_Problem to solve_.
Your task is to transcribe the data exactly while omitting each picture.

_Information provided_.
━━━
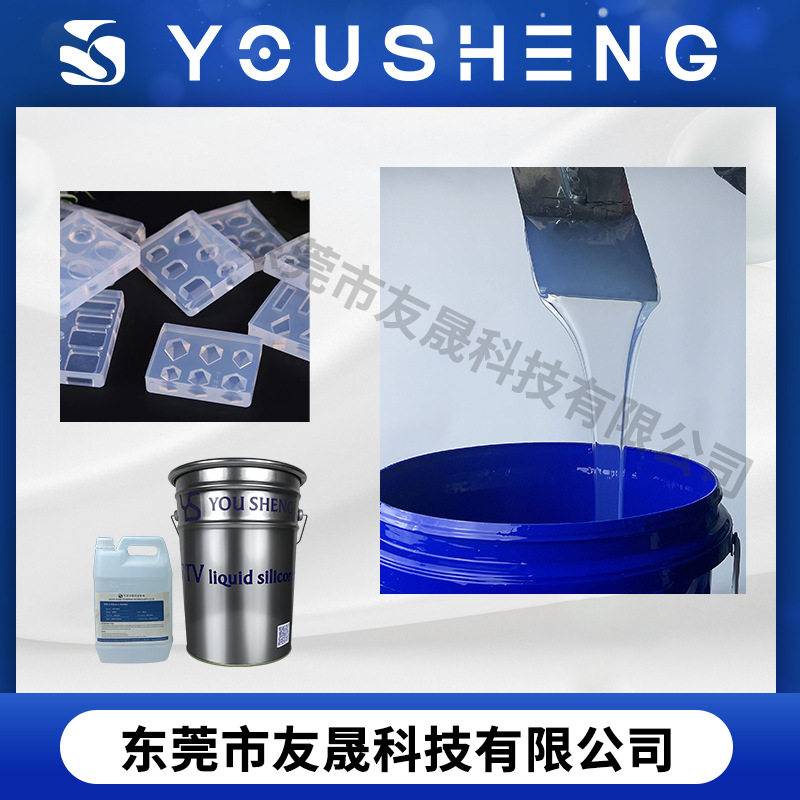10:1透明模具硅胶 液体硅胶原料 硅胶翻模模具 按需调配硅胶工厂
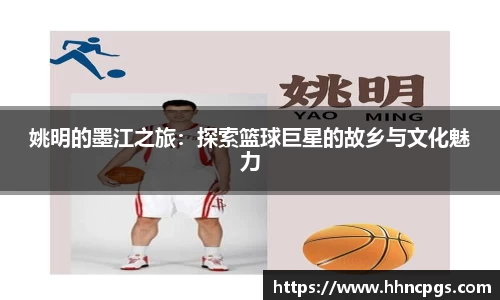 好博体育官网平台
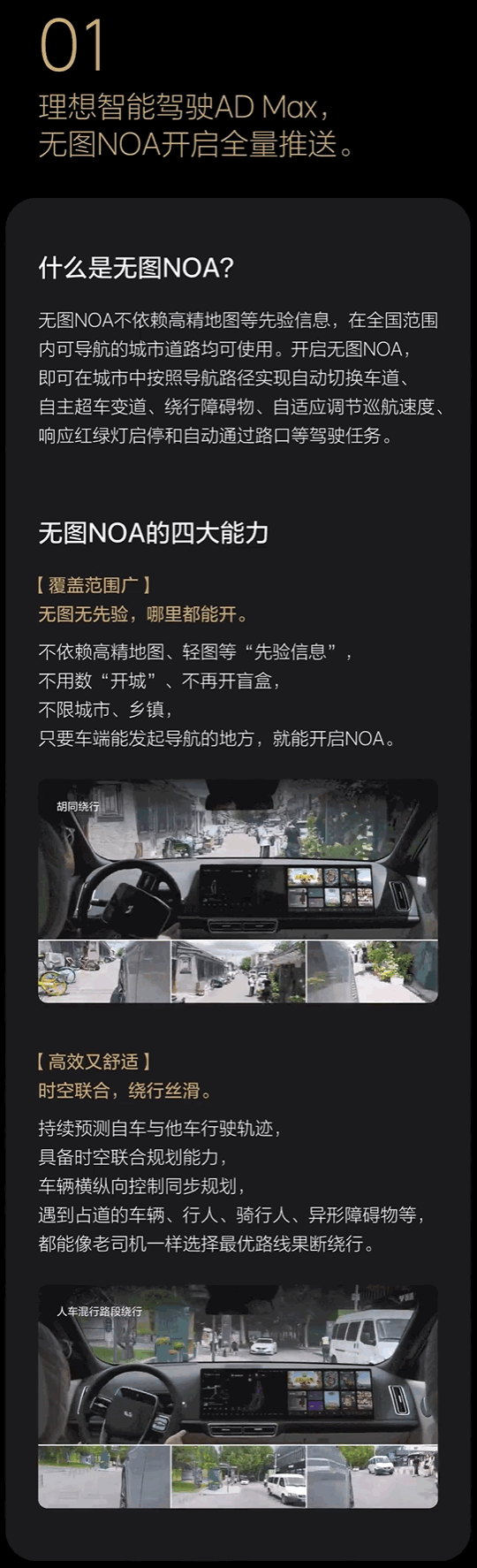 無圖NOA開啟全量推送 全國都能開！理想汽車正式推送OTA 6.0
━━━
_Exercise solution_.
10:1透明模具硅胶 液体硅胶原料 硅胶翻模模具 按需调配硅胶工厂
 好博体育官网平台
 無圖NOA開啟全量推送 全國都能開！理想汽車正式推送OTA 6.0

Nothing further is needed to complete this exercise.